To hunt full cry dejected merit down;
With sapient shrug assumes the critic's part,
And loud deplores the sad decline in art."
[20] "The dancing-room is also ornamented purposely with such statues and pictures as may serve to a further illustration. Henry VIII., Number 72, makes a perfect X with his legs and arms; and the position of Charles I., Number 51, is composed of less varied lines than the statue of Edward VI., Number 73, and the medal over his head is in the like kind of lines; but that over Queen Elizabeth, as well as her figure, is in the contrary; so are also the two other wooden figures at the end. Likewise the comical posture of astonishment (expressed by following the direction of one plain curve) as the dotted line in a French print of Sancho (where Don Quixote demolishes the puppet show); Number 75 is a good contrast to the effect of the serpentine lines, in the fine turn of the Samaritan woman; Number 74, taken from one of the best pictures Annibal Carrache ever painted."—Hogarth's Analysis, p. 137.
[21] A newspaper of 1781 has the following advertisement:—
"MINUET DE LA COUR, DEVONSHIRE, LE ROI, STATUTE, SURPRISE.

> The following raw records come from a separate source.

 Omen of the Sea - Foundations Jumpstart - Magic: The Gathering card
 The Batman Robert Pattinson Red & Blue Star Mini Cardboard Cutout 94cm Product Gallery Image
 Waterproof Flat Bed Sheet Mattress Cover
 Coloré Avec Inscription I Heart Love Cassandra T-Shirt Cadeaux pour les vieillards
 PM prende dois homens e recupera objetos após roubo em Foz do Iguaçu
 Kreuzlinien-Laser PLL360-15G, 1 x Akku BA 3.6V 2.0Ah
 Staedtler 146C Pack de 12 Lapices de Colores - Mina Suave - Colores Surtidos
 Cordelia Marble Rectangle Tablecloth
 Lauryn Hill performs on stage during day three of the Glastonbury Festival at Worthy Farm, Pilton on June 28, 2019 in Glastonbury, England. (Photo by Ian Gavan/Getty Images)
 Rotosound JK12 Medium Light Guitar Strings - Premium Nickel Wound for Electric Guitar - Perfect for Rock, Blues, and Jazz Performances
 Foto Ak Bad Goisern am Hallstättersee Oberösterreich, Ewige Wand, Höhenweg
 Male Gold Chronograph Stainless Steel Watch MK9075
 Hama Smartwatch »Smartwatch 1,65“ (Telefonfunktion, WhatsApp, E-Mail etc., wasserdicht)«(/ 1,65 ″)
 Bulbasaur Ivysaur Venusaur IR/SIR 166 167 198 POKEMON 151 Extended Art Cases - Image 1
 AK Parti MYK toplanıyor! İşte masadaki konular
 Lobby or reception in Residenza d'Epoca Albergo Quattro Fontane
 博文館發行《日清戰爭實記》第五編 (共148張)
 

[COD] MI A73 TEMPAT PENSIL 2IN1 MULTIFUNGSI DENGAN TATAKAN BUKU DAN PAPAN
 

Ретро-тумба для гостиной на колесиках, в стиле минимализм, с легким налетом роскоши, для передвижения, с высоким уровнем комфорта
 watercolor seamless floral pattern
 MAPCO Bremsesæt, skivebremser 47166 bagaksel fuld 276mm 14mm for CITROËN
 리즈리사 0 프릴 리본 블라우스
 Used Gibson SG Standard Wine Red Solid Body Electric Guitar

"A gentleman of merit, well educated and properly qualified by seven of the best masters that ever trod on English ground, teaches the above minuets to noblemen and real ladies only, for the sum of five guineas, paid down, with all the excelled graces of the head, body, arms, wrists, hands, fingers, toes, sinks, risings, bounds, rebounds, twirls, twists, fourfold mercuries, coupees, borees, flourishes, demi-corpus, curtseys à-la-mode, hat on, off, giving hands and feet, in an advanced octagon adorned style, and divided into one, two, three, or four steps exact to time or bars; introducing at the same moment the à-la-mode form, Chassa's springs, five and nine orders of the graces, and annexed with the rigadoon, Louvre, cotillion, and ancient and modern hornpipe steps and elegant country-dance positions.—The said gentleman is no common dancing-master, has some character to lose; therefore ladies of a common capacity may soon attain to dance equal to the best French or Italian dancer in this kingdom, only for five guineas, on applying to Number 79 in the Haymarket, between ten and eleven in the morning, and four and six in the afternoon, and they will be seen by the aforesaid gentleman himself."
In his Analysis, Mr. Hogarth thus writeth:—
"The minuet is allowed by dancing-masters themselves to be the perfection of all dancing. I once heard an eminent dancing-master say, that the minuet had been the study of his whole life, and that he had been indefatigable in the pursuit of its beauties, yet at last could only say with Socrates, he knew nothing; adding, that I was happy in my profession as a painter, in that some bounds might be set to the study of it."
[22] Mr. Wilkes informs us that this subject was not thought of until after the publication of Marriage à la Mode. In CHRONOLOGY, the Chamberlain is not so accurate as Doctor Trusler!